[GIVEN INFORMATION — start]
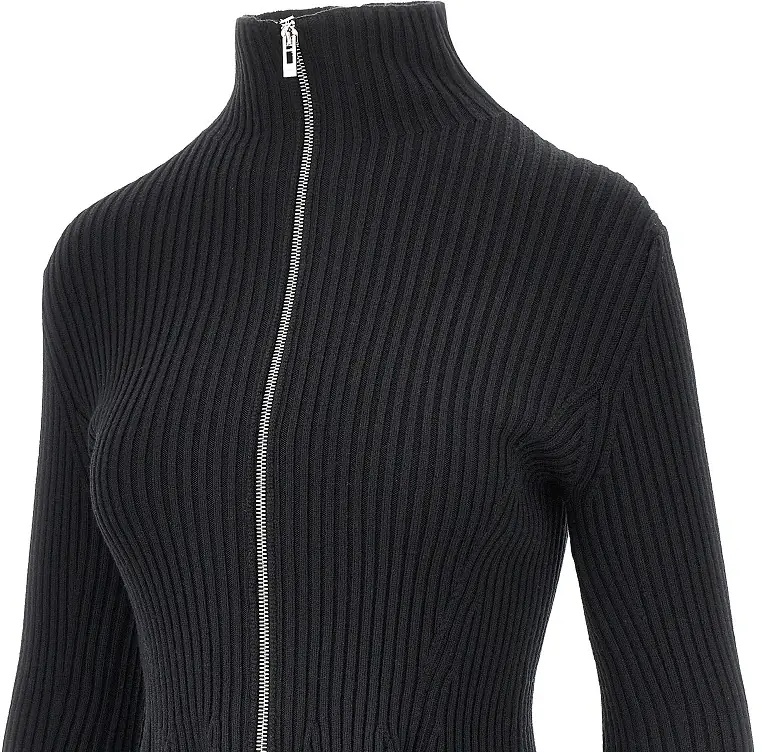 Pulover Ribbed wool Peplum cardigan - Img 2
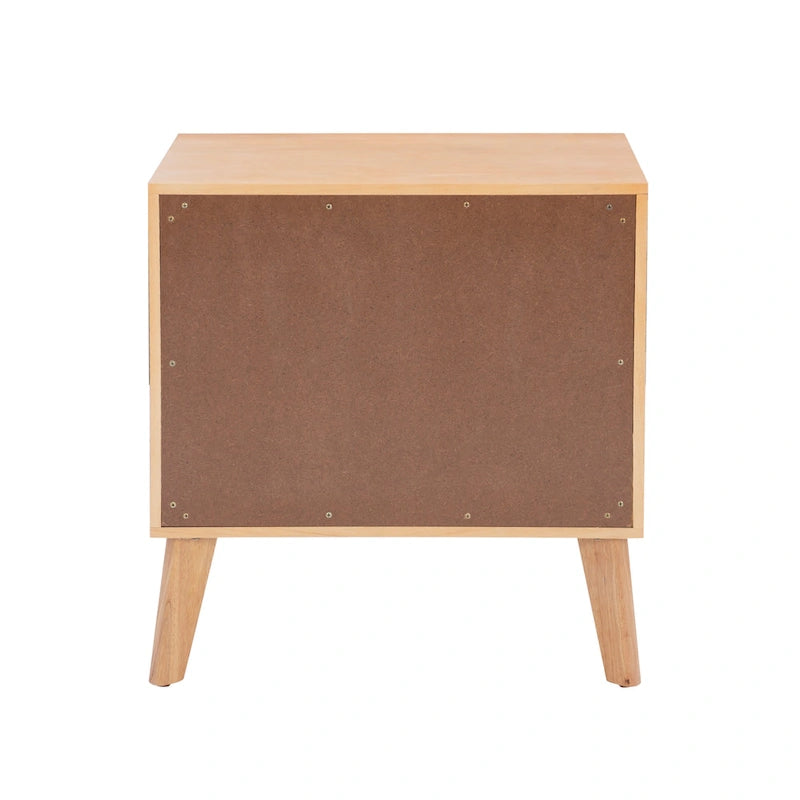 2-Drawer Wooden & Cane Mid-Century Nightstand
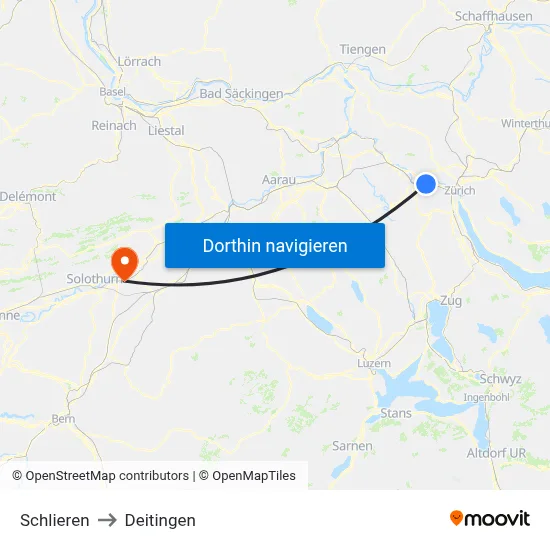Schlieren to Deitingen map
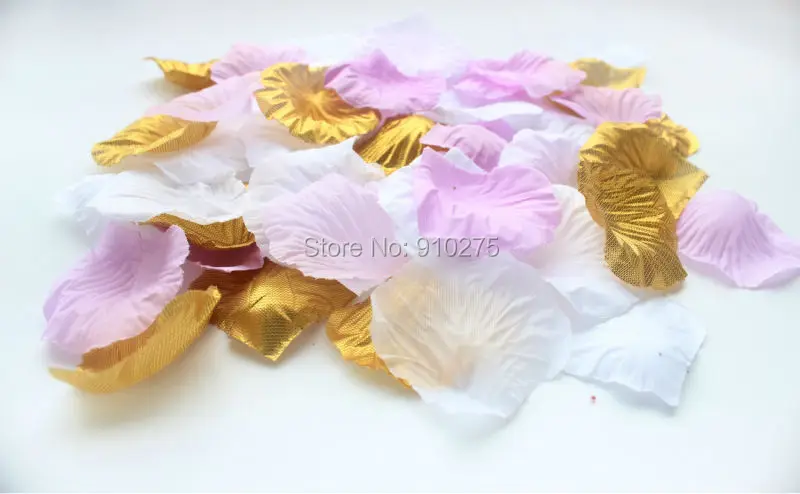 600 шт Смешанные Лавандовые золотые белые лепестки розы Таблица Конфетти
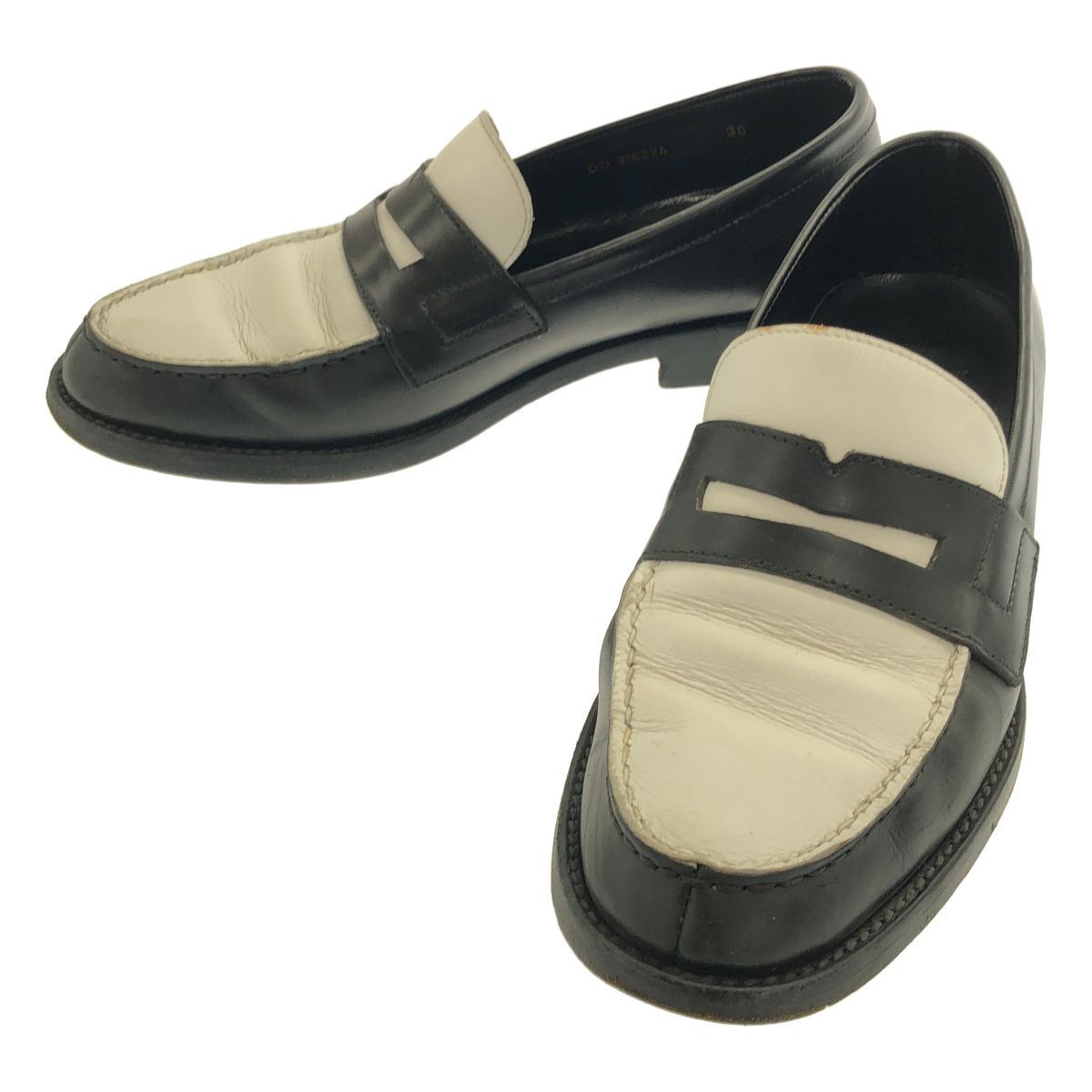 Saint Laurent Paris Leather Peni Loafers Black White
[GIVEN INFORMATION — finish]
[GIVEN INFORMATION — start]
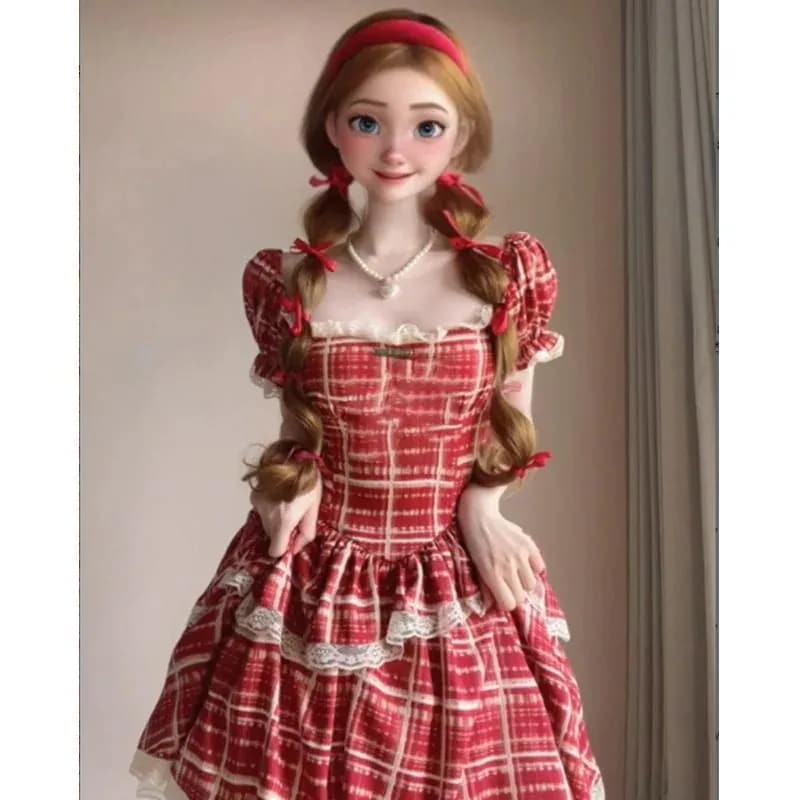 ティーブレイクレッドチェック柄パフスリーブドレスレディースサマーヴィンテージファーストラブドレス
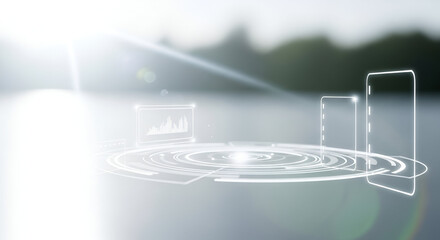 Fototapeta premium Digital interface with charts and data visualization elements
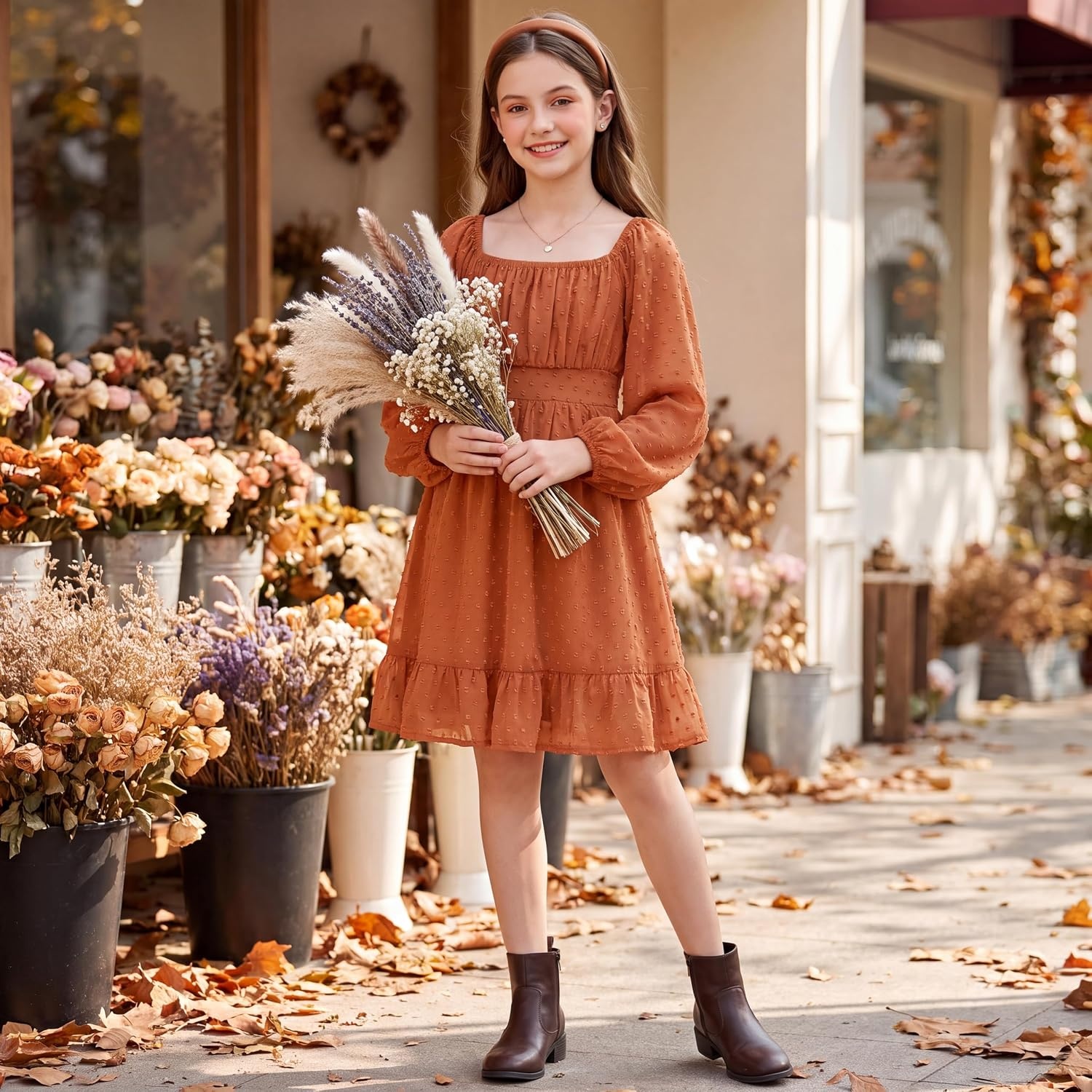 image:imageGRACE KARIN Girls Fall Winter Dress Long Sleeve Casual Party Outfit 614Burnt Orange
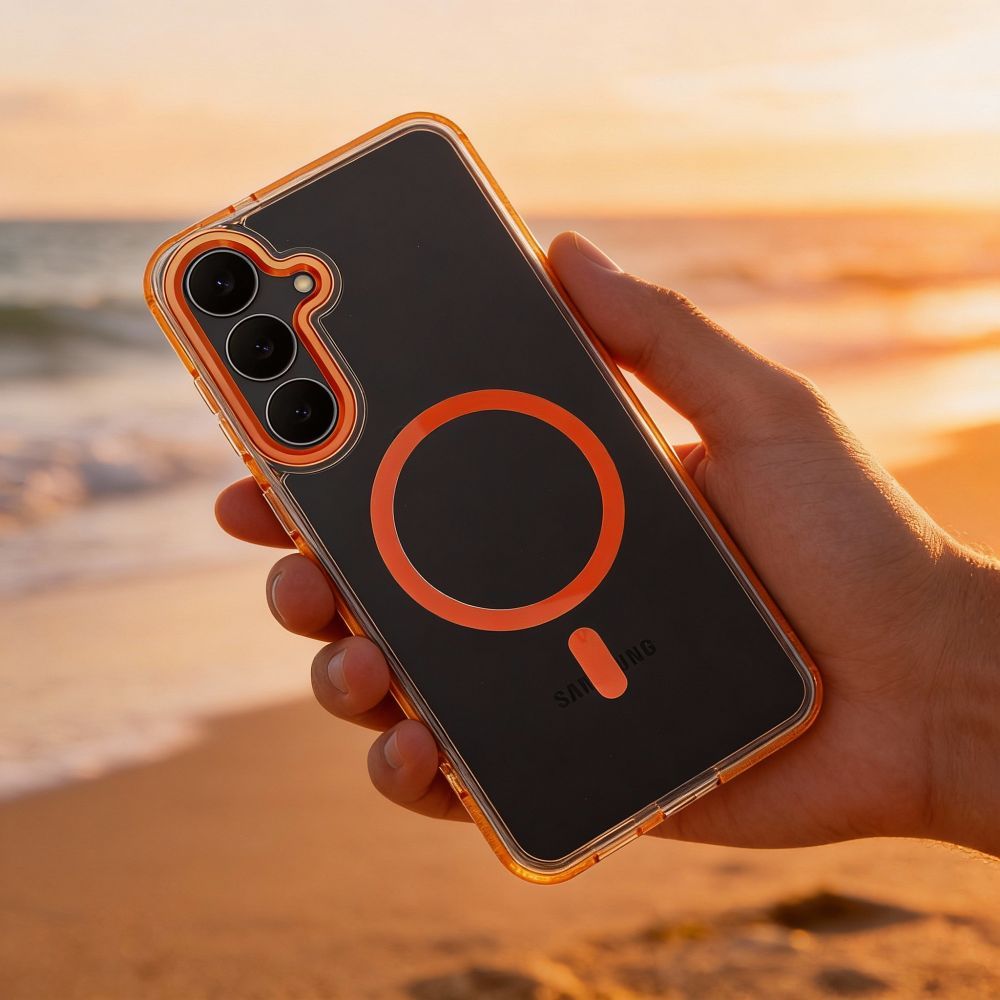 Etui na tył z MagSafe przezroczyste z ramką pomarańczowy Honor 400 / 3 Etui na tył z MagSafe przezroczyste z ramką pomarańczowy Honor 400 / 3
[GIVEN INFORMATION — finish]
[GIVEN INFORMATION — start]
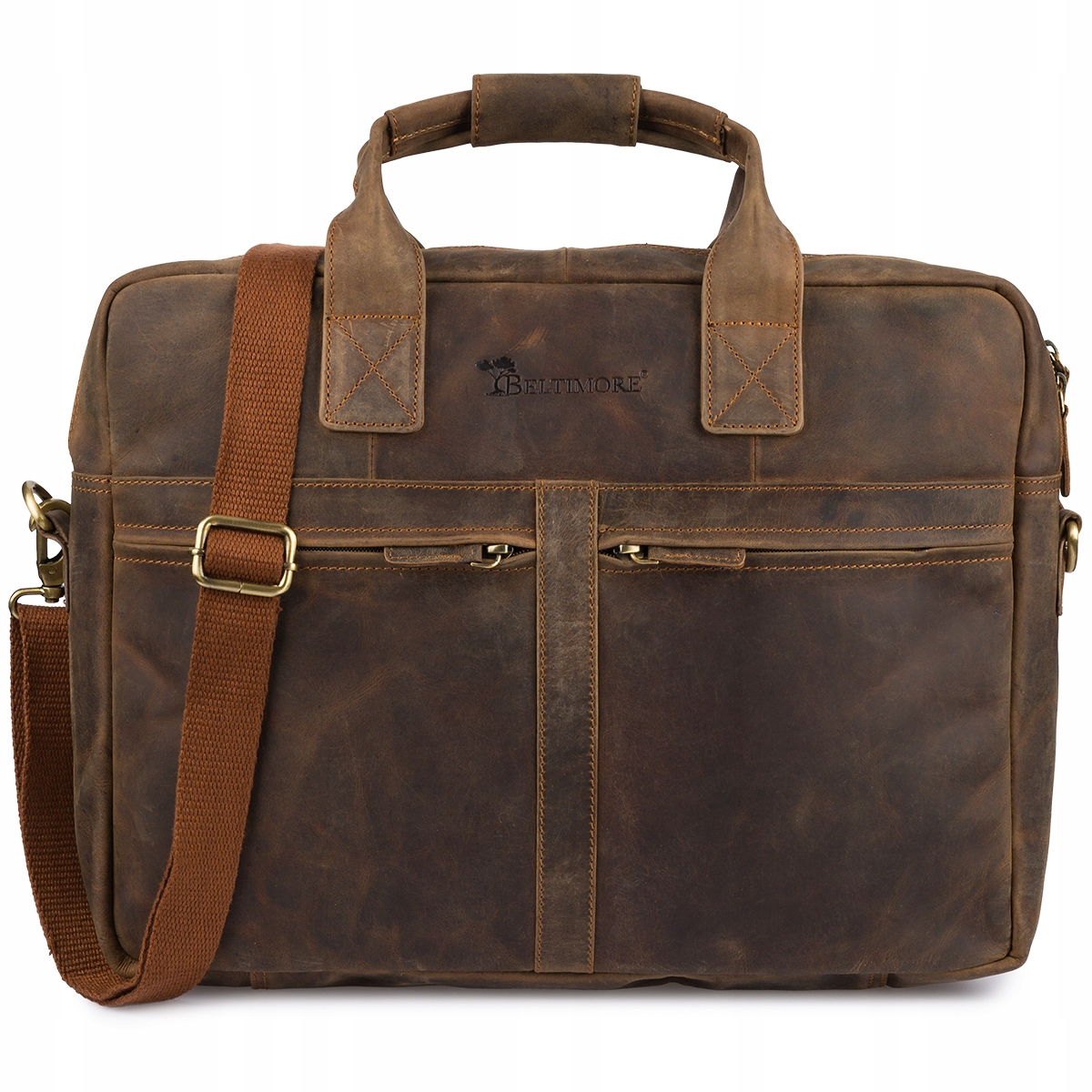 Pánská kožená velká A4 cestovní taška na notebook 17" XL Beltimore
[GIVEN INFORMATION — finish]
**WORK ORDER**
Reproduce the listing above only between the lines holding "Pulover Ribbed wool Peplum cardigan - Img 2" and "Saint Laurent Paris", inclusive. Every line must match exactly, and pictures are dropped.

**WORKED SOLUTION**
 Pulover Ribbed wool Peplum cardigan - Img 2
 2-Drawer Wooden & Cane Mid-Century Nightstand
Schlieren to Deitingen map
 600 шт Смешанные Лавандовые золотые белые лепестки розы Таблица Конфетти
 Saint Laurent Paris Leather Peni Loafers Black White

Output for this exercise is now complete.